Cell Phones ‘Part of 21st Century Learning’ in NJ Schools
As New Jersey school kids head back to class, many of them will be carrying cell phones, tablets and other electronic devices - with the full blessing of education officials.
According to Frank Belluscio, the deputy executive director of the New Jersey School Boards Association, individual school boards across the Garden State set their own specific policies, not only cell phones but all electronic devices that may connect students to the internet and be used to send emails and texts.
"Students are allowed to have these devices in school for use at certain times, for instance during breaks in class periods or after school hours," Belluscio said.
He says in most cases, students are instructed to turn off electronic devices during class, but kept in the student's possession.
Belluscio also said that not to many years ago cell phones were completely banned, but that was then and this is now.
"After situations such as Columbine where there was a safety factor in students having access to cell phones, districts have migrated away from that, and besides, there is some educational value to those devices, however school districts want to make sure that they are used properly, that they're not disruptive," he said.

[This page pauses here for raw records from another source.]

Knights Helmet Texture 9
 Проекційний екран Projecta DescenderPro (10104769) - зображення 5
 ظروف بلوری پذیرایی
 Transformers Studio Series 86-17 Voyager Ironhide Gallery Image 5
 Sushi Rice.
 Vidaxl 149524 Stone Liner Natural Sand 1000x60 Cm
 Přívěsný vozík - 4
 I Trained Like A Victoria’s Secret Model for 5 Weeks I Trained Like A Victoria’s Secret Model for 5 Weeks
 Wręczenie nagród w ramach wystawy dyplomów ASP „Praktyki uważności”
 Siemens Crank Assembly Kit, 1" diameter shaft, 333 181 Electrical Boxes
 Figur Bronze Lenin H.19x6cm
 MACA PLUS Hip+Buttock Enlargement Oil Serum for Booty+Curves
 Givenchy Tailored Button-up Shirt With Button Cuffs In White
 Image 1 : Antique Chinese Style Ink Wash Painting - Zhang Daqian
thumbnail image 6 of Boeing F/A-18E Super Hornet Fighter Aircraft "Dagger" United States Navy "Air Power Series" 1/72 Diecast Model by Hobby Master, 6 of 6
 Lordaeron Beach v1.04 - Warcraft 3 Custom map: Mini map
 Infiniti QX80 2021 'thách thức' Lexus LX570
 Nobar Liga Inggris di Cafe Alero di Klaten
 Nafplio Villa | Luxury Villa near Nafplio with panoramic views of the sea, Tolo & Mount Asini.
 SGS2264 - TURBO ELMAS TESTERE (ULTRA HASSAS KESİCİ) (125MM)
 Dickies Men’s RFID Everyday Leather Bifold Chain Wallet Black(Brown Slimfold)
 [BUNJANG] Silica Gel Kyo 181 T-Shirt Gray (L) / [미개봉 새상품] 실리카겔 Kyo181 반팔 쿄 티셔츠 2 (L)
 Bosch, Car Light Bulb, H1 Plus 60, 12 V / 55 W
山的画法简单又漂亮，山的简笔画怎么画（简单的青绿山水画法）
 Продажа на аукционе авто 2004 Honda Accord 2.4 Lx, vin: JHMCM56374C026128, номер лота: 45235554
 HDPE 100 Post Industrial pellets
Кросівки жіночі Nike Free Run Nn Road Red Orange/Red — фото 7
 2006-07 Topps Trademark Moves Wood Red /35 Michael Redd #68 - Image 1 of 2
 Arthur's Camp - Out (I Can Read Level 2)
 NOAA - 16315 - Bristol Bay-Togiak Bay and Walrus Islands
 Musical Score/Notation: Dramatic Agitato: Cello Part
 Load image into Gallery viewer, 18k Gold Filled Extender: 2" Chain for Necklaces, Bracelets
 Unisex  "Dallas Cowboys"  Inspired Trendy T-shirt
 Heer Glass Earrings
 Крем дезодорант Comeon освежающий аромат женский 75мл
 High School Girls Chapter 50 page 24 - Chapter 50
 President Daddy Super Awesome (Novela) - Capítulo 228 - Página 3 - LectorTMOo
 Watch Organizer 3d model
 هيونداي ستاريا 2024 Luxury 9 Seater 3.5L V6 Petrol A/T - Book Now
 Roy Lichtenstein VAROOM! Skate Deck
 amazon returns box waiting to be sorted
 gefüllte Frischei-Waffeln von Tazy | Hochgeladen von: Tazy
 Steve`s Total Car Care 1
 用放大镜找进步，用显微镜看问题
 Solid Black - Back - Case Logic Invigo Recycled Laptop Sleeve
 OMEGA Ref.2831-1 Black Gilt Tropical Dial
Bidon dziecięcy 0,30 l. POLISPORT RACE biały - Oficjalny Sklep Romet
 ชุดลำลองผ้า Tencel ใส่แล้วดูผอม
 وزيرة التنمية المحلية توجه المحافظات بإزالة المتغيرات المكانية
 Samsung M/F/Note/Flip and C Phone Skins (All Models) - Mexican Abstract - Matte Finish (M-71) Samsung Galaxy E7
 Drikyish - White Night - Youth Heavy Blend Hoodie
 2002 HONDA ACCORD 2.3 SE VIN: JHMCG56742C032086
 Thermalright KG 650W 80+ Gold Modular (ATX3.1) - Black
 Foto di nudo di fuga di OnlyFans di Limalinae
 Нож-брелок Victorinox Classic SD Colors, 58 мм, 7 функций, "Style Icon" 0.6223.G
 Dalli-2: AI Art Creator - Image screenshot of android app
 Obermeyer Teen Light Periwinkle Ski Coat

He also says schools want to make sure these devices are not used for harassment, intimidation, or any kind of bullying.
"School board policies need to be very specific," Belluscio said. "They need to reflect educational goals and protect students and staff."
Pat Wright, the executive director of the New Jersey Principals and Supervisors Association, said electronic devices are now seen as instructional tools.
"More and more we're recognizing that cell phones are part of 21st century learning. In many schools the cell phone is an instructional tool now, it's used for note-taking, it's used for polling in the classroom," Wright said.
She said what schools are trying to do is educate young people about the appropriate use of technology - because we can't pretend it doesn't exist or it isn't a major part of students lives
"A lot of schools are coming to realize that technology needs to be integrated into the curriculum and thus enhancing kids ability to use technology appropriately," she said.